Brown v. Stored Value Cards, Inc.

Docket: 18-35735

Opinion Date: March 16, 2020

Judge: Ronald Murray Gould

Areas of Law: Constitutional Law, Consumer Law

Plaintiff filed suit against Numi, and its partner CNB, alleging that they violated the Electronic Fund Transfers Act (EFTA), violated the Fifth Amendment Takings Clause, and were liable for conversion and unjust enrichment under Oregon state law. Numi is a for-profit, private company that returns released inmates' money via a prepaid debit card loaded with the balance of their funds. Numi earns revenue by charging fees to the cardholders, rather than the government. The Ninth Circuit held that plaintiff plausibly alleged a claim under section 1693l-1 of the EFTA and the district court erred in dismissing the case for failure to state a claim.
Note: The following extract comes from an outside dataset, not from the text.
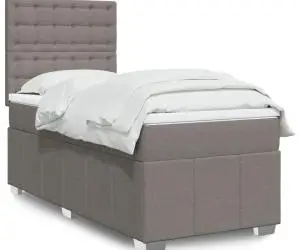 vidaXL Pat box spring cu saltea, gri taupe, 90x200 cm, textil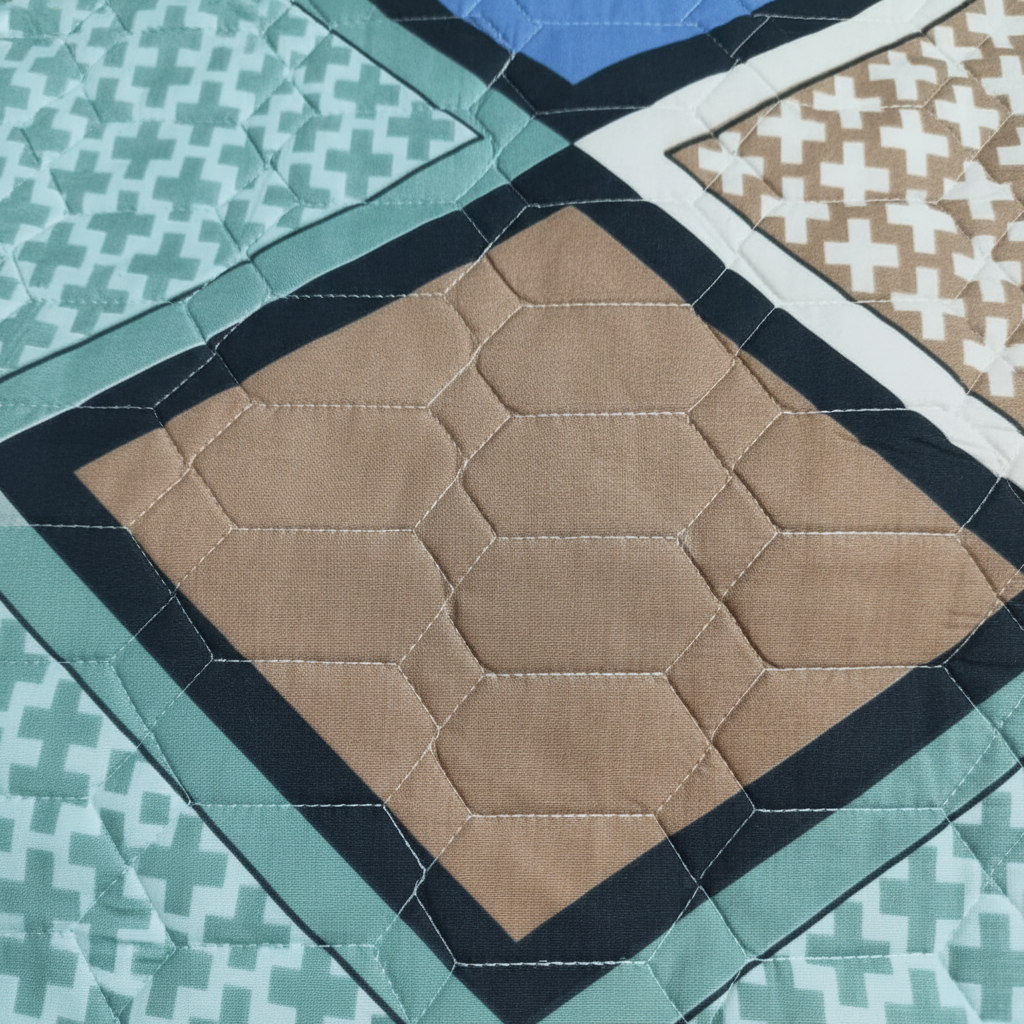 Queen Size Geometric Hexagon Bed Sheet Set | 90x100 Inches | 2 Quilted Pillow Covers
The court explained that, because defendants marketed their cards to the general public, section 1693l-1 was applicable. In this case, defendants marketed the card program to municipalities and correctional facilities, and Multnomah County does not give released inmates a choice of whether to accept the cards. Therefore, when defendants marketed the cards to Multnomah County, they indirectly marketed them to these released inmates, and then the inmates reenter the general public. The panel also held that the district court abused its discretion when it denied plaintiff leave to file a third amended complaint; summary judgment was not proper on plaintiff's takings claim; and summary judgment was not proper on plaintiff's state law claims.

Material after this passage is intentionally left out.